Foto: Joelomas
Con el mismo silencio con el que recorría las calles de la ciudad desde el momento en que decidió tomarlas como su hogar, se hizo en la orilla de la carretera, ahí, bajo el puente que había escogido que fuera su techo, mientras los carros con las luces le alumbraban el rostro.
Tomó un cartón entre las manos, se quitó los zapatos. Los puso como almohada, durmió. Ni el mugre, ni las calles, ni el vicio, ni el silencio le habían inundado el alma, cargaba con ellos en los hombros y aún así se sentía un habitante más del mundo, de esta ciudad que le tocó padecer.
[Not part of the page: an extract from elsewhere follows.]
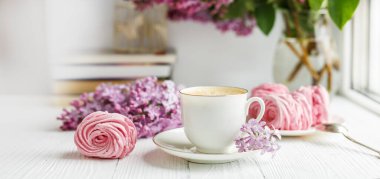 Bir buket leylak, bir fincan kahve, ev yapımı marşmelov ve kitaplar. Romantik bir bahar sabahı. Yatay Sancak Seçici Odaklanma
Las luces lo alumbraban, el ruido de los carros lo arrullaba, el agua, que caía a cántaros se escuchaba chorrear debajo de su cuerpo. El puente lo cubría de mojarse, el cartón de no dormir sobre la porquería. El río, que pasaba a unas cuantas calles se escuchaba rugir con furia, el sueño lo empezaba a inundar.
Soñaba que se drogaba, que comía, que se bañaba o que se afeitaba, soñaba que se ahogaba, que miraba el cielo, que se acostaba en el pasto y veía estrellas fugaces, que el cielo dejaba de ser anaranjado y volvía al azul que una vez lo enamoró. Soñaba y soñaba.
Esa noche, mientras la lluvia caía, soñó que se ahogaba, que la podredumbre se le metía en la boca, que el río se desbordaba y le cubría el cuerpo, que los químicos que ensucian a diario y contaminan el río le quemaba la piel, que los ojos se le perdían en el agua, que su vida se extinguía y llegaba al mar.
Esa misma noche, el río le inundó el deprimido en el que dormía, su cuerpo flotó y flotó, el agua nunca bajó. Sus ojos no se perdieron en el mar, se cerraron para siempre, la opresión en el pecho por los químicos del agua del río le ahogó el corazón. Nadie lo reclamó, lo lloraron el mugre, los vicios, las calles y el sol.